• _Work instructions_
From the entries below, reproduce exactly the line containing "Levoire | Manteau", the line containing "CARA Áo Lantern", and every line in between, with nothing added.

• _Data under study_
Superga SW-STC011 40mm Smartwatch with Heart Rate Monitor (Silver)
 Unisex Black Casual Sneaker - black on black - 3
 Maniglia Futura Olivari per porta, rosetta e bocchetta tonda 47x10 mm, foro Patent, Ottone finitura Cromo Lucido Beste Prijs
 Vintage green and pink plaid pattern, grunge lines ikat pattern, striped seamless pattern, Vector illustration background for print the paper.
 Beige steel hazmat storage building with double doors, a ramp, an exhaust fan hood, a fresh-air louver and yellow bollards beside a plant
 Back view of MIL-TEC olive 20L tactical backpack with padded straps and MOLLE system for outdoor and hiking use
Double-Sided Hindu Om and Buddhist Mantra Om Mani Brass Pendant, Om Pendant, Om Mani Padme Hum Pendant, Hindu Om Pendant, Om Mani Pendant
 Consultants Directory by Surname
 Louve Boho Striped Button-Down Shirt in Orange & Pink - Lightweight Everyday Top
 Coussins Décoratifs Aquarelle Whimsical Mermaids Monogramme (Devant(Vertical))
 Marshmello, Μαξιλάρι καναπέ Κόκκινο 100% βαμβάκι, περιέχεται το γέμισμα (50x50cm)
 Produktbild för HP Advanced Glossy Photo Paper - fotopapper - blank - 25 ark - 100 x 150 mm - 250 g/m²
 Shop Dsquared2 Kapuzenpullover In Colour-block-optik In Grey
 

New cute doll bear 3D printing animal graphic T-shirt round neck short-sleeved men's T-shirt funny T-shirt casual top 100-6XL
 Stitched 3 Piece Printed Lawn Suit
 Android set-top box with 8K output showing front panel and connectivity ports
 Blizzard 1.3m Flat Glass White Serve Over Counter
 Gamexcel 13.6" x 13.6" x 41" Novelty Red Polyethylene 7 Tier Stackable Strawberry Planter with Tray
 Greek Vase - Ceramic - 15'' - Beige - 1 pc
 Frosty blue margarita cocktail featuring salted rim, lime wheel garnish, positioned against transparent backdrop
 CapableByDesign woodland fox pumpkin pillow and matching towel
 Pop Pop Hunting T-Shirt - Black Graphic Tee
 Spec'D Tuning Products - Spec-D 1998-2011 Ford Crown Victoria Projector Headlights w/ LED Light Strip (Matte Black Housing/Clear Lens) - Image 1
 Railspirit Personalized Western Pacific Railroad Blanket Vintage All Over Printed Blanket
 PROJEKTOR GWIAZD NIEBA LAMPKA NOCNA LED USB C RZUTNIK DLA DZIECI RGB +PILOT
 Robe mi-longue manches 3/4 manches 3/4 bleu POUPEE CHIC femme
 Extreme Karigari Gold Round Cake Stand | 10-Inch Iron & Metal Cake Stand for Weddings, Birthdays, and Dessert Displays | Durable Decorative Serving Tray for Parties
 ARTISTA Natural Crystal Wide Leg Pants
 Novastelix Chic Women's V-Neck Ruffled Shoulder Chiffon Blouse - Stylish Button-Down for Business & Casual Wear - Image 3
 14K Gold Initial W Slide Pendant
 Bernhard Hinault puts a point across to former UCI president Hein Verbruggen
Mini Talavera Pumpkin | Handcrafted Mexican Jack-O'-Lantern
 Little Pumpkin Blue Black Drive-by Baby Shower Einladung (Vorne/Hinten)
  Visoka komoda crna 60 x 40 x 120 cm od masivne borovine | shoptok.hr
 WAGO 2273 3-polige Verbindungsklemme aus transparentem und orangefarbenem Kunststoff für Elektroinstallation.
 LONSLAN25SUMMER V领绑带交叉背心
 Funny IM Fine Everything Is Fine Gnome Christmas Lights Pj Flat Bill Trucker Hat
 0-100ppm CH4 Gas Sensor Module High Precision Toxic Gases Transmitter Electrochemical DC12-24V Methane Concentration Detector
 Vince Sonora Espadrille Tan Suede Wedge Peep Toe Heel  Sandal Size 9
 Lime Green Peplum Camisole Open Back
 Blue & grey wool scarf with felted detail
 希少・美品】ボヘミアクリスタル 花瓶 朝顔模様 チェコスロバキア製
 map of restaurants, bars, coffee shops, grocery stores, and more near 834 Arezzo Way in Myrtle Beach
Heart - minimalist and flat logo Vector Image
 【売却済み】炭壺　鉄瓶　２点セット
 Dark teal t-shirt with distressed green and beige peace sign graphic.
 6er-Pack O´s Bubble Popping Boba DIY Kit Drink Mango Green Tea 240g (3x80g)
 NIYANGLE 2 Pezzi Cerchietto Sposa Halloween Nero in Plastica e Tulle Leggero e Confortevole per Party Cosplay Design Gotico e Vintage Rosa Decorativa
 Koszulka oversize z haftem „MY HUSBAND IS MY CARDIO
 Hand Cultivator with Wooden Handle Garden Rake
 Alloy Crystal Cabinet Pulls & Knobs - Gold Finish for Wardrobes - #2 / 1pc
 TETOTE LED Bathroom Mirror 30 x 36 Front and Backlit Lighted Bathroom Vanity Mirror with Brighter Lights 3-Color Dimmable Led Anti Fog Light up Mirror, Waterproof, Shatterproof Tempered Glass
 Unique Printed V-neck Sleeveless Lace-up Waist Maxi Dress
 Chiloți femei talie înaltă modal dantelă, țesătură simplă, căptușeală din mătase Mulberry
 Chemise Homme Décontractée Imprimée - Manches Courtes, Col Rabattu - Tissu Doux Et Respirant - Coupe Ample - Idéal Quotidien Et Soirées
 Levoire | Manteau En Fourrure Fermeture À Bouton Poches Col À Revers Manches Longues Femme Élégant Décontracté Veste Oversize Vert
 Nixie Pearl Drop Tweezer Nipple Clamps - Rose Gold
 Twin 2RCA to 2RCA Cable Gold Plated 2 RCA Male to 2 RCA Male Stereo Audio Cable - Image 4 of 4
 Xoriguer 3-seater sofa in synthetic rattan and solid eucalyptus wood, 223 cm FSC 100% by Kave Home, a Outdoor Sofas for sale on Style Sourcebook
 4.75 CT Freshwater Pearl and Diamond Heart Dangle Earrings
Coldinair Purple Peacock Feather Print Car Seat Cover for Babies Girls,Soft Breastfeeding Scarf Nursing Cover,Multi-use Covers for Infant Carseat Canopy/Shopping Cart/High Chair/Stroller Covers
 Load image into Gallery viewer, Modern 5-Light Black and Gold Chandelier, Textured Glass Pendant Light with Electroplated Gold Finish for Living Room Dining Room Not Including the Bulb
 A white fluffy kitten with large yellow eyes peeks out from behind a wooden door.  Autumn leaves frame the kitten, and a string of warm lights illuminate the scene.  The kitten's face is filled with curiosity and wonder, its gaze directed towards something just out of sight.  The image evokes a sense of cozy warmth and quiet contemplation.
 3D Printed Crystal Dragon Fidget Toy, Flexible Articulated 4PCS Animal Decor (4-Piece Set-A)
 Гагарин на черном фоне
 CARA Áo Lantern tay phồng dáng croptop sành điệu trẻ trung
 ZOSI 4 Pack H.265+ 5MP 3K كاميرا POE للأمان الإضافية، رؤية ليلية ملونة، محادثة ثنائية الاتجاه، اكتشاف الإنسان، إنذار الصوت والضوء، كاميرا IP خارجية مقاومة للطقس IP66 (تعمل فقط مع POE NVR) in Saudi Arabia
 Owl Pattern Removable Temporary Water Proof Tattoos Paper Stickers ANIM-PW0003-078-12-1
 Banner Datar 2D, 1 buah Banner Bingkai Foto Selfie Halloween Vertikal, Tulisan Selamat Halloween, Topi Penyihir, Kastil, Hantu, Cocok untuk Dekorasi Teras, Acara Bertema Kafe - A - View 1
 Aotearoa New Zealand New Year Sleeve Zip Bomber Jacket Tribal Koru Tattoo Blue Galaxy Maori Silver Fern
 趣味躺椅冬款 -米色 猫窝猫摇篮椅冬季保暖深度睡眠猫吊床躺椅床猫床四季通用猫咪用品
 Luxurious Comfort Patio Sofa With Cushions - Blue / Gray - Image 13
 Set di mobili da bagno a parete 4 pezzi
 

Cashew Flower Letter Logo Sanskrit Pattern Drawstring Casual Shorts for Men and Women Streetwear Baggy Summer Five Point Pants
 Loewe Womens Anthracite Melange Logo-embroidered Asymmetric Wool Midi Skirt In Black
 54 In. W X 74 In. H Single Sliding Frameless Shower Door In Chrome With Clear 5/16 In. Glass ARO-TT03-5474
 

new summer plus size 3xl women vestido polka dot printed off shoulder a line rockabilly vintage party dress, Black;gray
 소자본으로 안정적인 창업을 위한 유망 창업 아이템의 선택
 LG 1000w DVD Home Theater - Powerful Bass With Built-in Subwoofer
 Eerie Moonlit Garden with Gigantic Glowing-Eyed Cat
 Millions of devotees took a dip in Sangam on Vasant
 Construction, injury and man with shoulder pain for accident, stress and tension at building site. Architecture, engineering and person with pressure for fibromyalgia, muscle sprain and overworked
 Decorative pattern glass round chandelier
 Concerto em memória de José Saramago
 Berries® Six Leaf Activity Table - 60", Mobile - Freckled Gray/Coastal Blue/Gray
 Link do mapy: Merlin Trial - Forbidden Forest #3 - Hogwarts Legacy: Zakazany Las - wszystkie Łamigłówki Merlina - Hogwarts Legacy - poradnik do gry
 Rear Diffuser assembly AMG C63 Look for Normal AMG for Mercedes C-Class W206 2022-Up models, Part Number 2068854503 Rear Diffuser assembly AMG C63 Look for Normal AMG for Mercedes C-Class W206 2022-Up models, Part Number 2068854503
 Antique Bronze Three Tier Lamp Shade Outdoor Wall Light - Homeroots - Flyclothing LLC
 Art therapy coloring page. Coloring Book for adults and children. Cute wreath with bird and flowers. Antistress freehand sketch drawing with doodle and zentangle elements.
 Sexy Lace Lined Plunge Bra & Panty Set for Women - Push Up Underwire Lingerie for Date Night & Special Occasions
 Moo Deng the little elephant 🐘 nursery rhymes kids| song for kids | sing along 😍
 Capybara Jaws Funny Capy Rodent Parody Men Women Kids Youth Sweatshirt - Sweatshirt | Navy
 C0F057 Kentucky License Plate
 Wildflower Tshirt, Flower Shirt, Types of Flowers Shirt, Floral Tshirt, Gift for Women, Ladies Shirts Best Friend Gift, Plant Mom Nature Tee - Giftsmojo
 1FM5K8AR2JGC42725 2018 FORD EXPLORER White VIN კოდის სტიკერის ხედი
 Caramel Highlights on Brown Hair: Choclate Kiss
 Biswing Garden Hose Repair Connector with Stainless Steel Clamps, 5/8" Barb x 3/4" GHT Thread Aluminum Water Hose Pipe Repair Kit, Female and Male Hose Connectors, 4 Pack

• _Task output_
 Levoire | Manteau En Fourrure Fermeture À Bouton Poches Col À Revers Manches Longues Femme Élégant Décontracté Veste Oversize Vert
 Nixie Pearl Drop Tweezer Nipple Clamps - Rose Gold
 Twin 2RCA to 2RCA Cable Gold Plated 2 RCA Male to 2 RCA Male Stereo Audio Cable - Image 4 of 4
 Xoriguer 3-seater sofa in synthetic rattan and solid eucalyptus wood, 223 cm FSC 100% by Kave Home, a Outdoor Sofas for sale on Style Sourcebook
 4.75 CT Freshwater Pearl and Diamond Heart Dangle Earrings
Coldinair Purple Peacock Feather Print Car Seat Cover for Babies Girls,Soft Breastfeeding Scarf Nursing Cover,Multi-use Covers for Infant Carseat Canopy/Shopping Cart/High Chair/Stroller Covers
 Load image into Gallery viewer, Modern 5-Light Black and Gold Chandelier, Textured Glass Pendant Light with Electroplated Gold Finish for Living Room Dining Room Not Including the Bulb
 A white fluffy kitten with large yellow eyes peeks out from behind a wooden door.  Autumn leaves frame the kitten, and a string of warm lights illuminate the scene.  The kitten's face is filled with curiosity and wonder, its gaze directed towards something just out of sight.  The image evokes a sense of cozy warmth and quiet contemplation.
 3D Printed Crystal Dragon Fidget Toy, Flexible Articulated 4PCS Animal Decor (4-Piece Set-A)
 Гагарин на черном фоне
 CARA Áo Lantern tay phồng dáng croptop sành điệu trẻ trung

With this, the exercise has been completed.